The UK is still the second worst, but look how the gap between the UK (red line) and the USA (brown dashes) has dramatically widened, as has the gap between the UK and Germany (amber line). The death rates in Korea (blue line) and Japan (hidden by Korea) appear to be virtually zero. They’re not of course, but they aren’t yet in double digits.

Using a log scale tells a completely different story, and can be highly misleading.  I wonder whether the original graphic was deliberately designed to be misleading?

Note: The government’s figures came from John Hopkins University and Public Health England (PHE).  Mine are from the European Centre for Disease Prevention and Control (ECDC), so they might be slightly different.

German Lockdown

This graph shows the value of R in Germany before they relaxed  their lockdown rules (the amber line) and after they were relaxed (the blue line). The red horizontal line represents an R value of one.  If R is higher than one the infection is still spreading exponentially. If it’s lower than one the spread is slowing and will eventually die out.
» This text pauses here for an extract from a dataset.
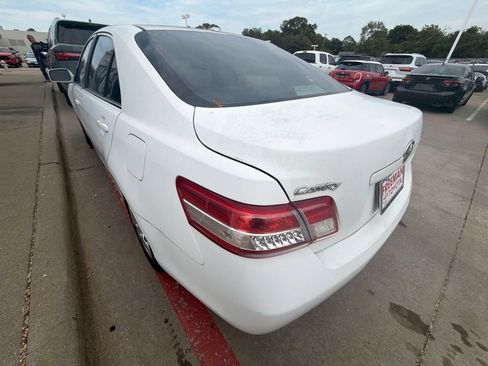 Used 2010 Toyota Camry LE FWD image 9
The goal is keep the R value below one and to lower it as much as possible. 

The slight rise in the German COVID-19 R value on 27 April to just below one prompted news reporting  such as this in the British press:
“WAVE OF FEAR Germany faces having to bring BACK strict coronavirus lockdowns as cases surge just days after easing them”.
“Germany has seen a worrying rise in its coronavirus infection rate after becoming one of the first countries in Europe to start easing lockdown measures”

This sort of misleading, and frequently sensationalist, reporting is rife, ands gets repeated ad nauseam online, and particularly on social media. 

Unfortunately some people inform their decision making based on reading stories such as these, rather than relying on facts. 

For those who would like to know the source of my data, it’s taken from the website of the Robert Koch Institut (RKI) in Germany and is available in German and English:
https://www.rki.de/DE/Content/InfAZ/N/Neuartiges_Coronavirus/Situationsberichte/Gesamt.html
The facts and figures on COVID-19 that the RKI publishes on a daily basis makes the UK’s efforts to do the same seem inadequate.

EDIT: I’ll be updating the graph on a regular basis. So far the R-value shows no sign of increasing

Oh Dear

 The CNN reporting on Boris Johnson’s condition from outside St Thomas’ hospital near the Houses of Parliament. Note how their correspondent is disregarding government advice regarding self-isolation for pregnant women. Note also how the police to be seen later in the video are conspicuously not following  government rules re social distancing. None of this shows good role models.